Aim of the exercise >>
All lines below between the line with "ingredients for the" and the line with "セミロング カラー ヘアアレンジ 髙塚碧🇰🇷 韓国ヘア🎗️のヘアスタイル", including both, must be copied exactly, and the pictures must be omitted.

Data for review >>
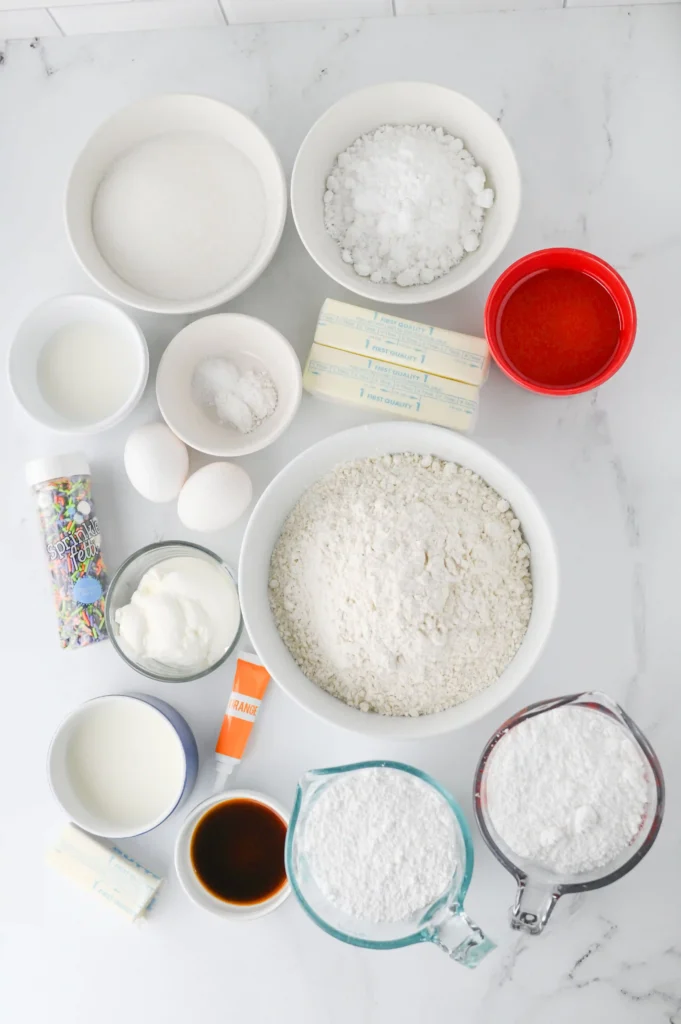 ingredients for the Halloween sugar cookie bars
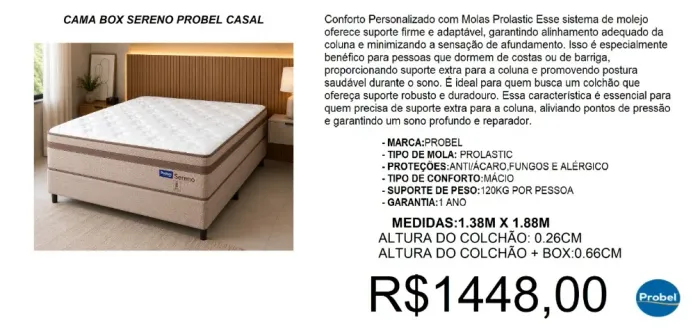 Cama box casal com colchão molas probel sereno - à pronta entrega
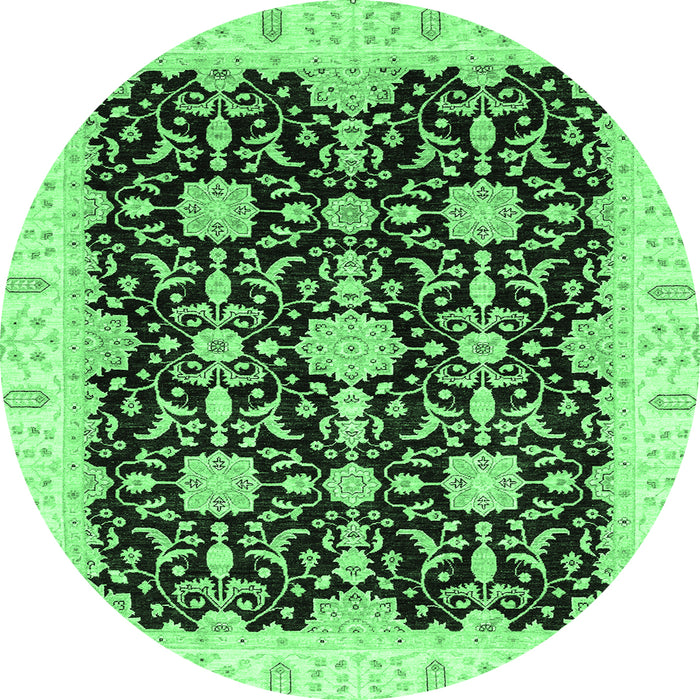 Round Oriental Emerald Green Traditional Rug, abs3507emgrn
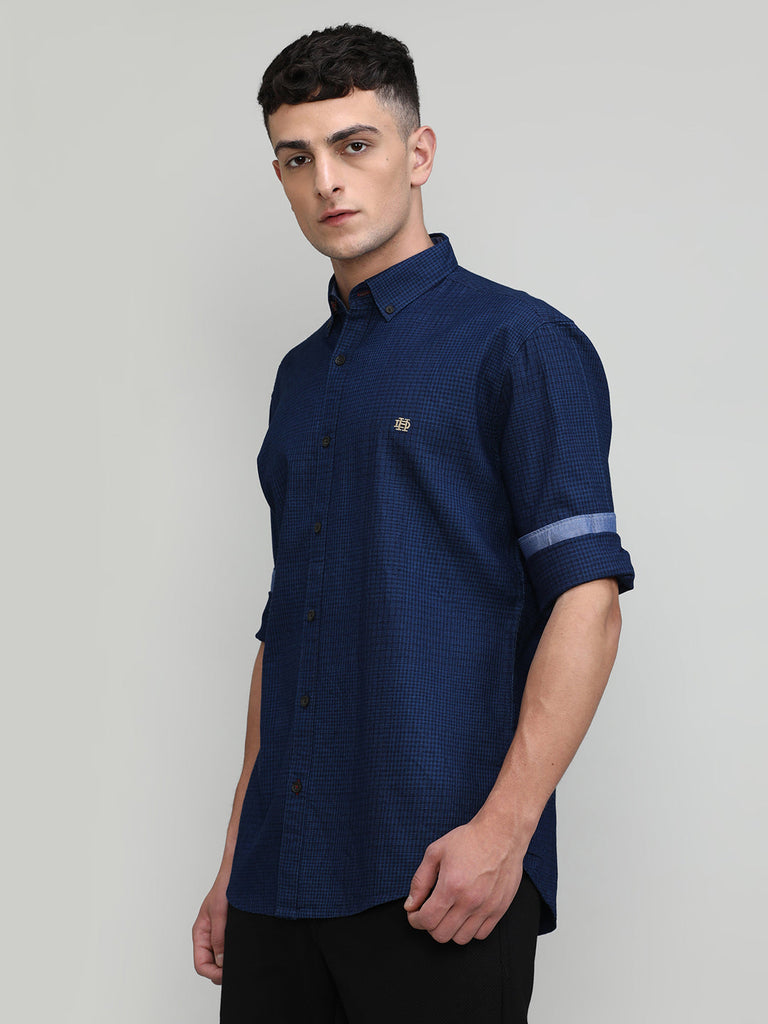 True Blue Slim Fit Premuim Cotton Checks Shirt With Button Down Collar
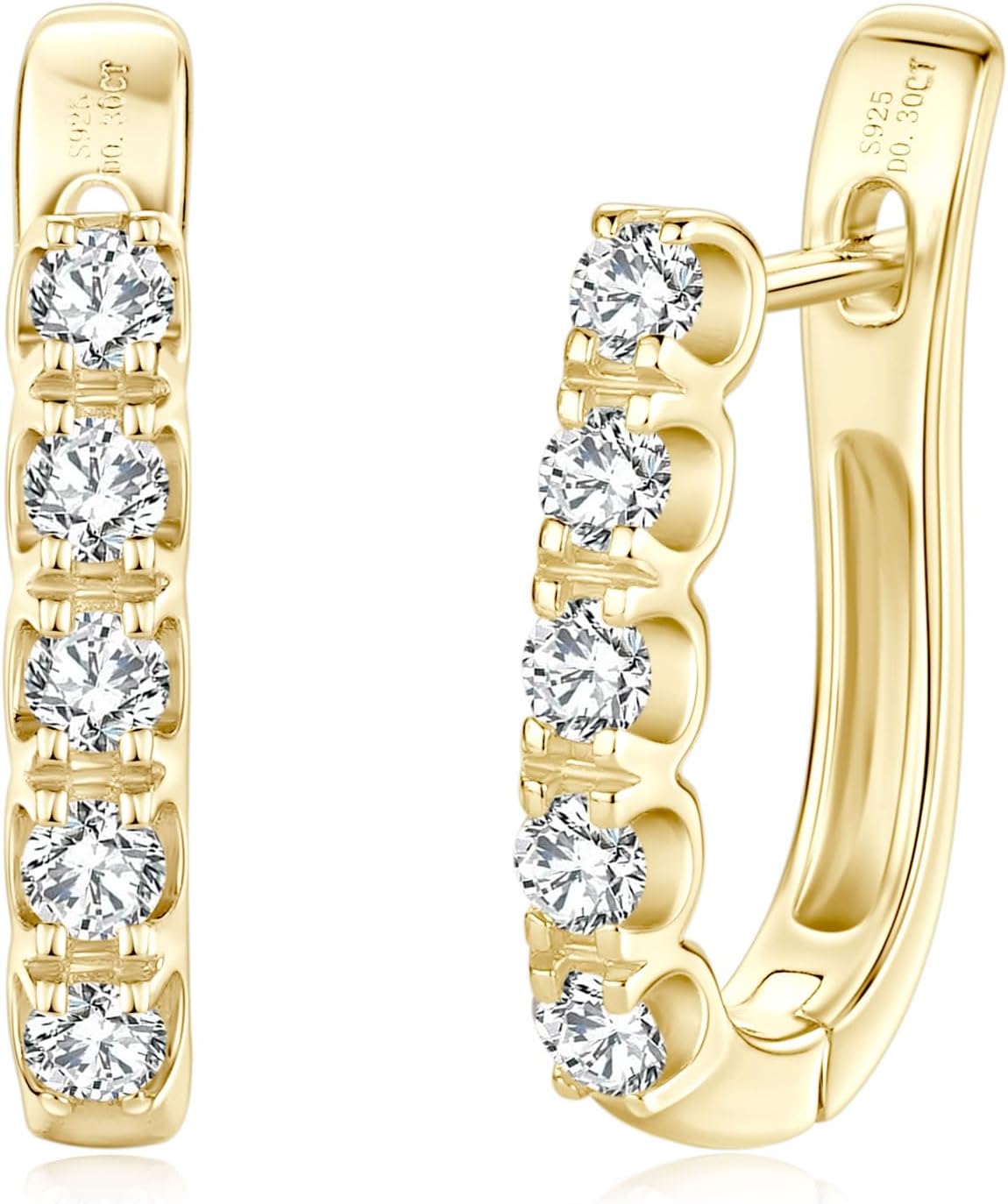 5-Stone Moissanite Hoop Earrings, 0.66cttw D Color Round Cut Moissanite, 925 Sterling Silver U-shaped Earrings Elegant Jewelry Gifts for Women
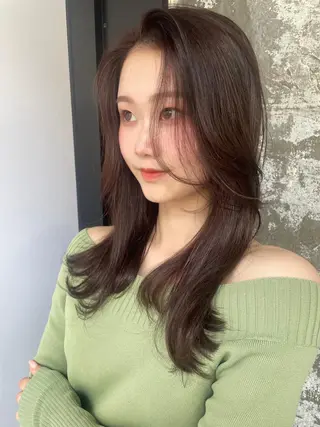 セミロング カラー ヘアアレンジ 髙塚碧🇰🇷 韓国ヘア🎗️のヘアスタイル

* * *

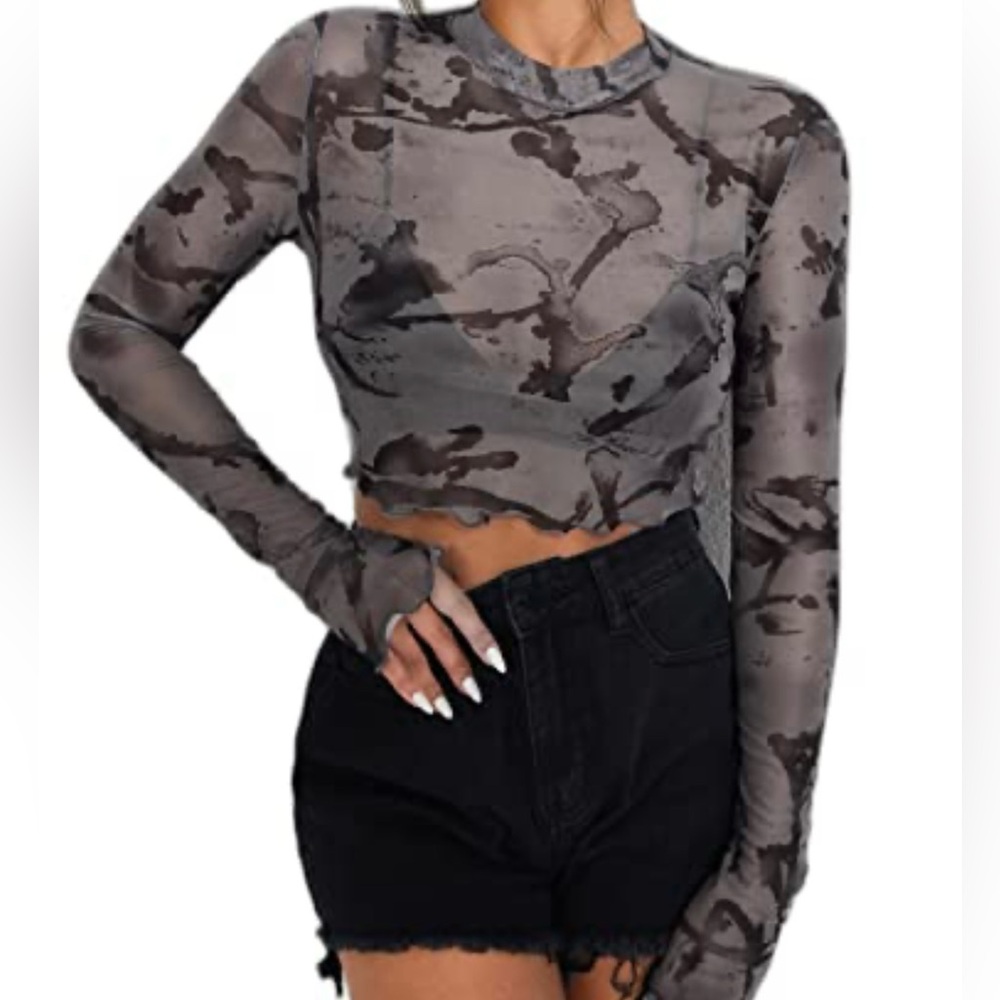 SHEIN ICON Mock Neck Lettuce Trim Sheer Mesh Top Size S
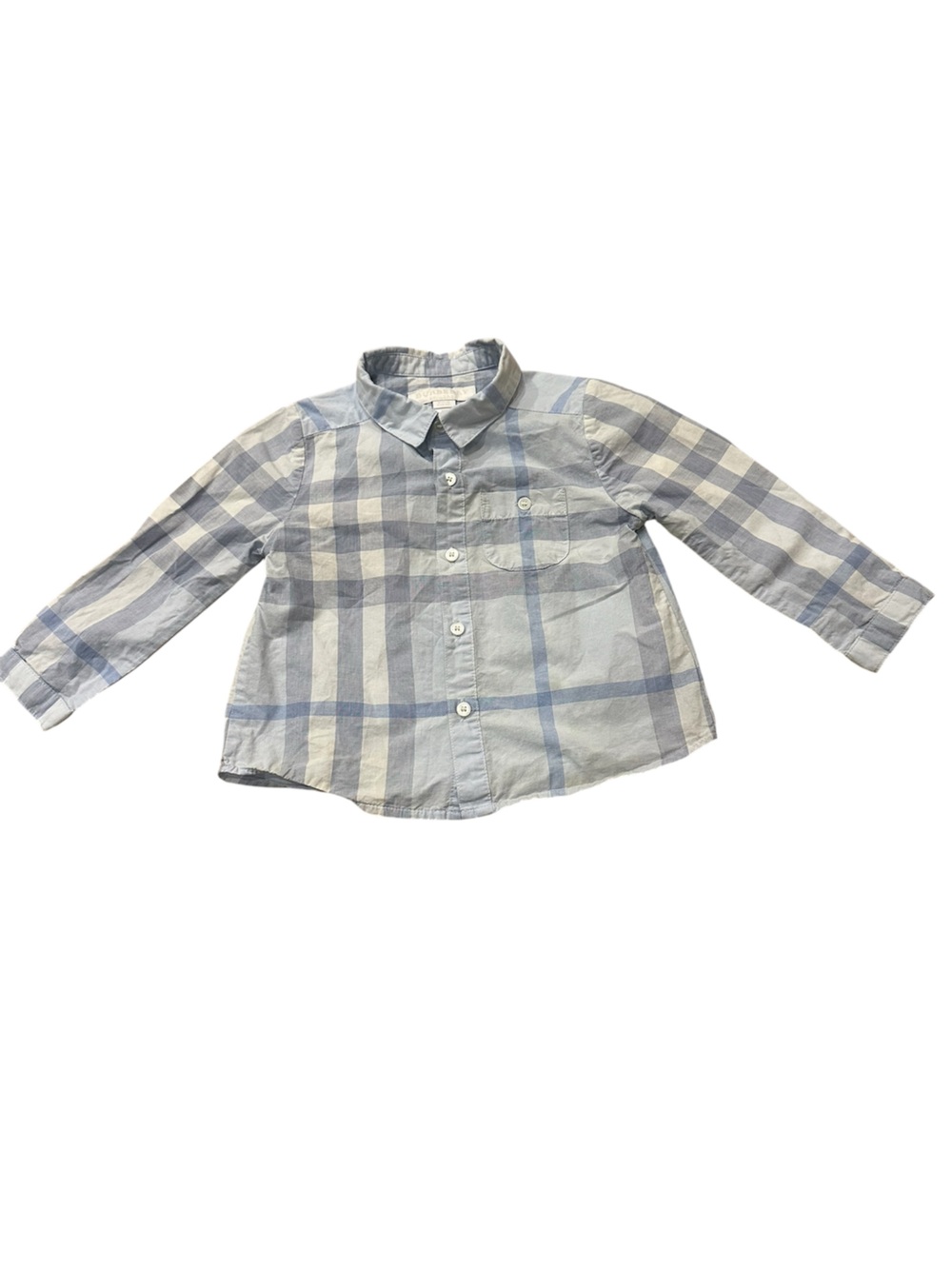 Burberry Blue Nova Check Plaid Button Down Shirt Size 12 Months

Problem solution >>
 ingredients for the Halloween sugar cookie bars
 Cama box casal com colchão molas probel sereno - à pronta entrega
 Round Oriental Emerald Green Traditional Rug, abs3507emgrn
 True Blue Slim Fit Premuim Cotton Checks Shirt With Button Down Collar
 5-Stone Moissanite Hoop Earrings, 0.66cttw D Color Round Cut Moissanite, 925 Sterling Silver U-shaped Earrings Elegant Jewelry Gifts for Women
 セミロング カラー ヘアアレンジ 髙塚碧🇰🇷 韓国ヘア🎗️のヘアスタイル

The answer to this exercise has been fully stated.